ただ、ここ最近は金利の変動が非常に激しかったため、債券ファンドにとって非常に難しい運用を迫られた時期もありました。

ただ、参考指標と言われるブルームバーグの米国債の総合インデックスをご覧ください。再投資を行ったものが赤いチャート、ブルームバーグがグレーですが、そこにもアンダーパフォームしていることがわかりますし、設定来でもファンド+34.4%に対して、参考指標は46.7%とアンダーパフォームしています。

米国債に対してもほぼ変わらず、総合インデックスと比べても負けているということは、あまり効果が得られていないと言えます。

上記の理由から、債券のアクティブファンドとしてはあまり投資をしても、強い効果が望めない、というパフォーマンスが見えてきました。

資金流出入

上記の状況にもかかわらず、資金の流入は増えています。いろいろな理由が考えられるのですが、債券のアクティブファンド、インフラに投資しているため、これから経済がソフトランディングするのであれば、過去のパフォーマンスはともかく、今後プラスになるのではと考えている方もいるかもしれません。

ただ、過去のパフォーマンスを見ている限りでは、特にこのファンドを選ばなくともいいのでは、という感覚を持ってしまいました。こういった資金の流入に比べて、少し違和感のある結果となっています。

評価

評価は2つ星です。現時点では、社債、インフラへの投資で、ある程度信用リスクを取っていることでクーポンが多めに出てくるものです。また、デュレーションのコントロールも行っており、8.5年のデュレーションに対しても長めに取るなど積極的に動いている割には、パフォーマンスにはあまり機能していないことから、この評価とさせていただきました。

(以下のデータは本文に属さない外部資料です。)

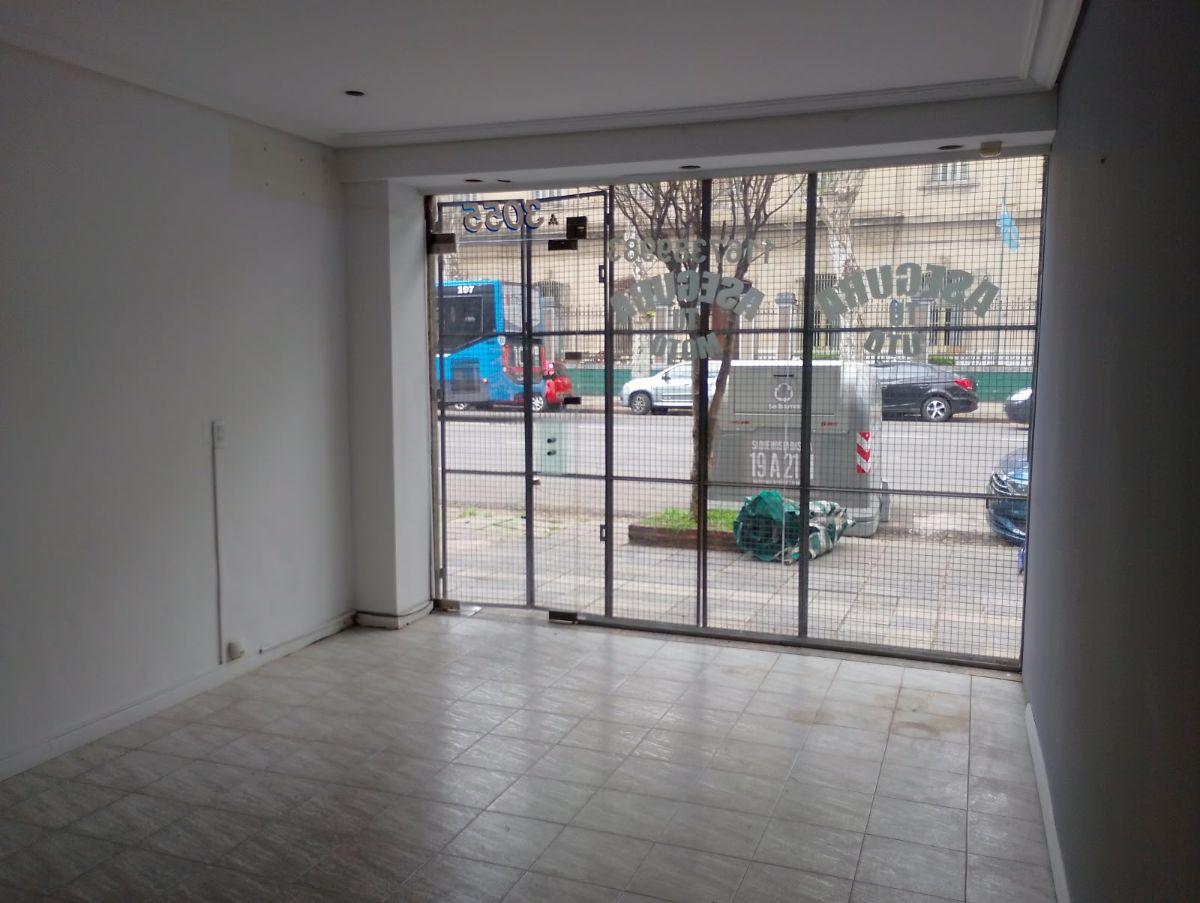 Foto de Loca al frente - Villa Pueyrredón, imagen 2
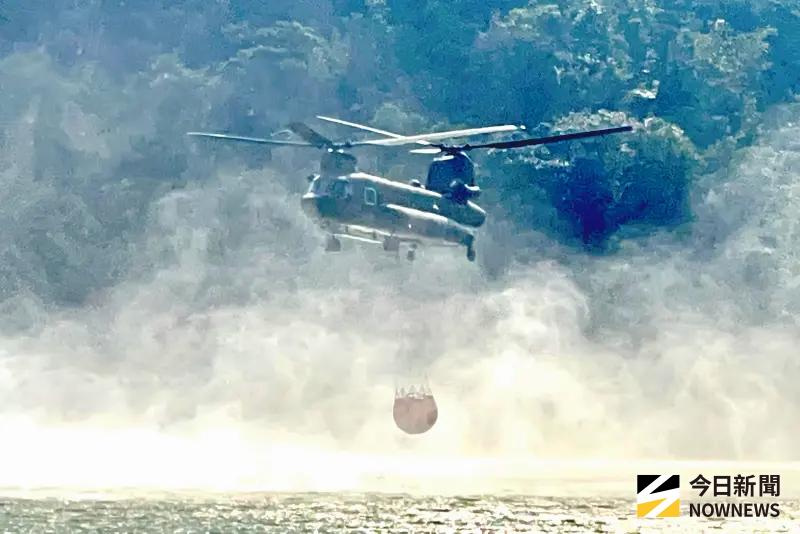 ▲機組人員於山區上空反覆進行取水與投水作業，全力壓制火勢蔓延，任務過程專業純熟、默契十足。（圖／記者莊全成攝，2026.02.17）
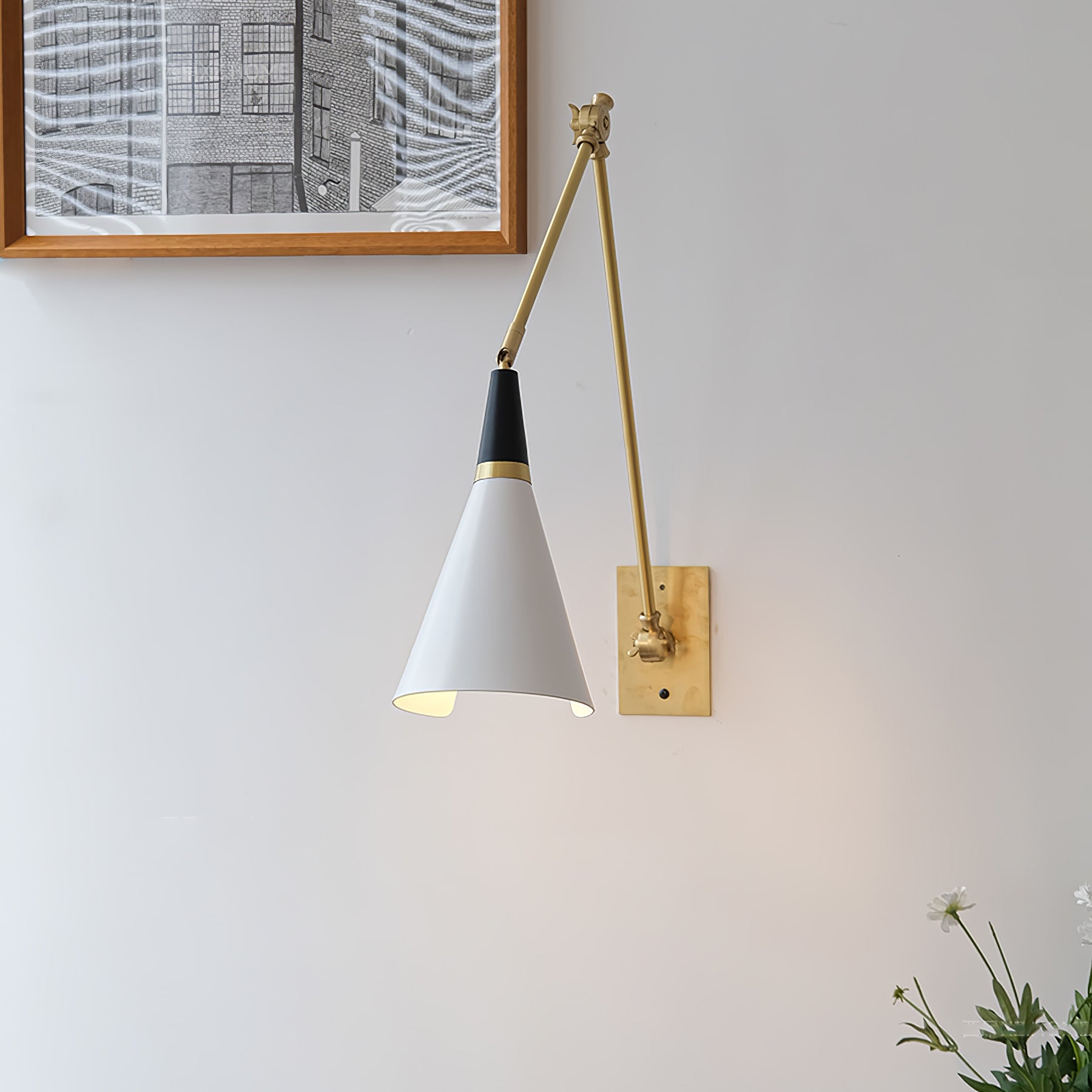 Avenalelle Wall Lamp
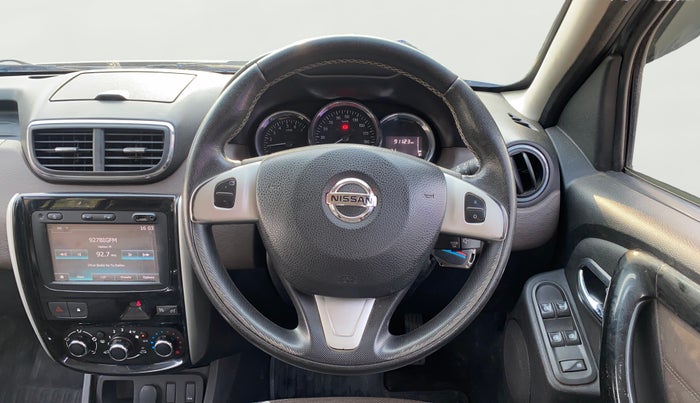 2017 Nissan Terrano XV D PREMIUM AMT, Diesel, Automatic, 91,104 km, Steering Wheel Close Up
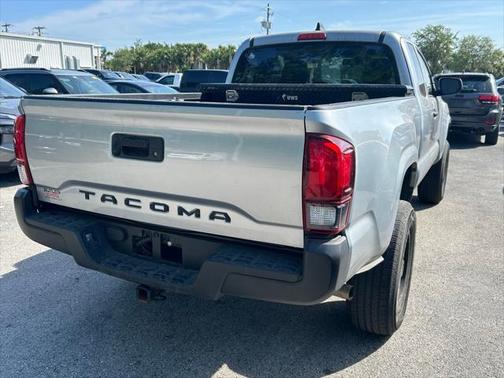 2022 Toyota Tacoma SR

本日はインフラ企業の社債に投資する世界債券ファンドを分析しました。デュレーションを長めにとり、しかも信用リスクを取って債券として非常に高いリターンを目指している方針が見えましたが、米国債、米国の総合インデックスと比べても、パフォーマンスが下回っている、あまり変わらないことを見ると、取っている信用リスク、デュレーションの長さなどのパフォーマンスが活かされていません。ぜひ他のものと比較して、検討いただければと思います。